Jupiter’s X-ray aurorae. Image credit: ESA / NASA / Zhonghua Yao / William Dunn.

Jupiter’s X-ray aurorae. Image credit: ESA / NASA / Zhonghua Yao / William Dunn.

The magnetic field of Jupiter is extremely strong — about 20,000 times as strong as Earth’s — and therefore its magnetosphere, the area controlled by this magnetic field, is extremely large. If it was visible in the night sky, it would cover a region several times the size of our Moon.

On Earth, aurorae are visible only in a belt surrounding the magnetic poles, between 65 and 80 degrees latitude.

Beyond 80 degrees, auroral emission disappears because the magnetic field lines here leave Earth and connect to the magnetic field in the solar wind, which is the constant flux of electrically charged particles ejected by the Sun.

These are called open field lines and in the traditional picture, Jupiter and Saturn’s high-latitude polar regions are not expected to emit substantial aurorae.

However, Jupiter’s X-ray aurorae are inconsistent with this picture. They exist poleward of the main auroral belt, pulsate regularly, and can sometimes be different at the north pole from the south pole.

These are typical features of a ‘closed’ magnetic field, where the magnetic field line exits the planet at one pole and reconnects with the planet at the other.

“We have seen Jupiter producing X-ray aurora for four decades, but we didn’t know how this happened,” said Dr. William Dunn, a researcher in the Mullard Space Science Laboratory and the Centre for Planetary Science at University College London and the Harvard-Smithsonian Center for Astrophysics.

“We only knew they were produced when ions crashed into the planet’s atmosphere.”

Using computer simulations, Dr. Dunn and colleagues previously found that the auroral X-ray flares could be linked to closed magnetic fields that are generated inside Jupiter and then stretch out millions of km into space before turning back.

On July16 and 17, 2017, ESA’s XMM-Newton X-ray observatory observed Jupiter continuously for 26 hours and saw X-ray aurorae pulsating every 27 minutes.

Simultaneously, NASA’s Juno orbiter had been traveling between 62 and 68 Jupiter radii above the planet’s pre-dawn areas. This was exactly the area that the team’s simulations suggested were important for triggering the pulsations.

So, the researchers searched the Juno data for any magnetic processes that were occurring at the same rate.

They found that the pulsating X-ray aurorae are caused by fluctuations of Jupiter’s magnetic field.

As the planet rotates, it drags around its magnetic field. The magnetic field is struck directly by the particles of the solar wind and compressed. These compressions heat particles that are trapped in Jupiter’s magnetic field.

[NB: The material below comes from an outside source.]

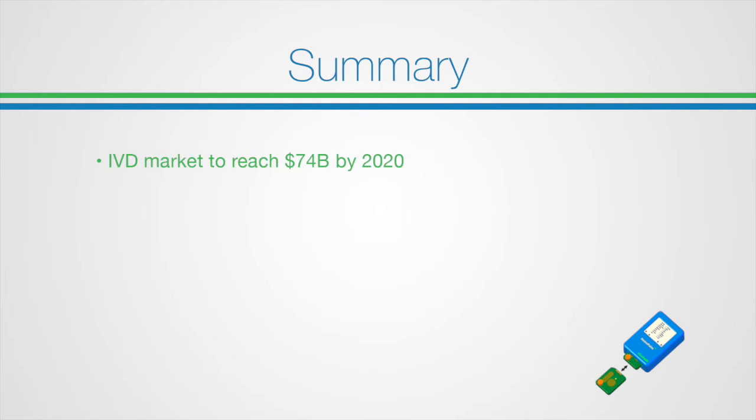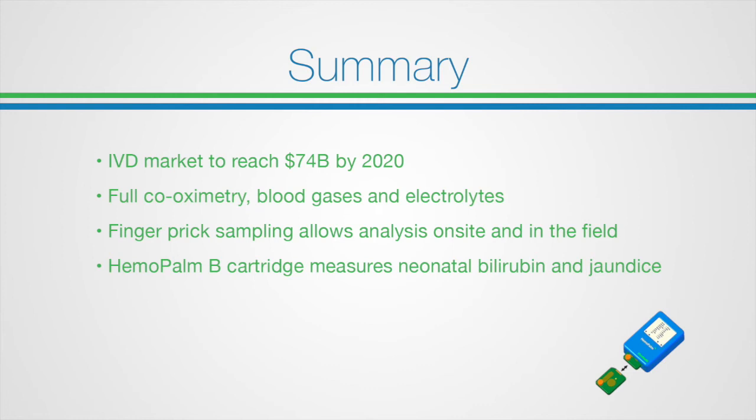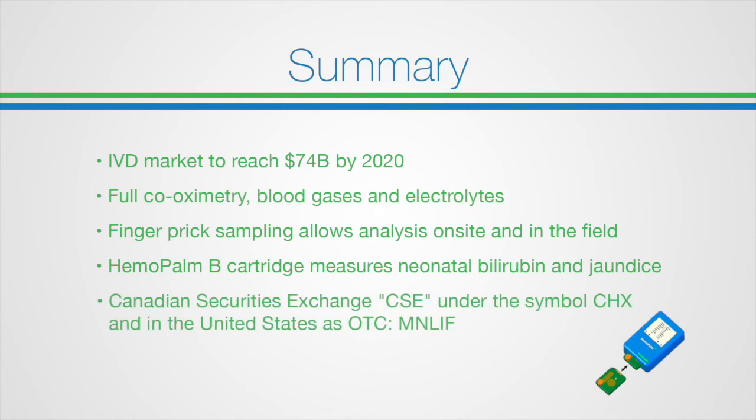Chromedics is part of the growing IVD market which is projected to reach $74 billion by 2020. The Hemopoam system will be the only handheld blood analysis device to provide full co-oximetry, blood gases and electrolyte analysis to clinicians. The option of finger prick sampling provides point-of-care testing in a vast market of applications outside the clinical setting and allows testing of babies with minimal trauma. The Hemopoam B cartridge measures neonatal bilirubin and can successfully predict dangerous jaundice in virtually all neonatal patients. Chromedics is currently trading on the Canadian Securities Exchange under the symbol CHX.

This triggers a phenomenon called electromagnetic ion cyclotron (EMIC) waves, in which the particles are directed along the field lines.

The particles themselves are electrically charged atoms called ions. Guided by the field, the ions ‘surf’ the EMIC wave across millions of km of space, eventually slamming into the planet’s atmosphere and triggering X-ray aurorae.

“Now we know these ions are transported by plasma waves — an explanation that has not been proposed before, even though a similar process produces Earth’s own aurora,” Dr. Dunn said.

“It could, therefore, be a universal phenomenon, present across many different environments in space.”

“Now we have identified this fundamental process, there is a wealth of possibilities for where it could be studied next,” added Dr. Zhonghua Yao, a researcher in the Institute of Geology and Geophysics at the Chinese Academy of Sciences and the College of Earth and Planetary Sciences at the University of Chinese Academy of Sciences.

“Similar processes likely occur around Saturn, Uranus, Neptune and probably exoplanets as well, with different kinds of charged particles ‘surfing’ the waves.”

“X-rays are typically produced by extremely powerful and violent phenomena such as black holes and neutron stars, so it seems strange that mere planets produce them too,” said Professor Graziella Branduardi-Raymont, a researcher in the Mullard Space Science Laboratory at University College London.

“We can never visit black holes, as they are beyond space travel, but Jupiter is on our doorstep.”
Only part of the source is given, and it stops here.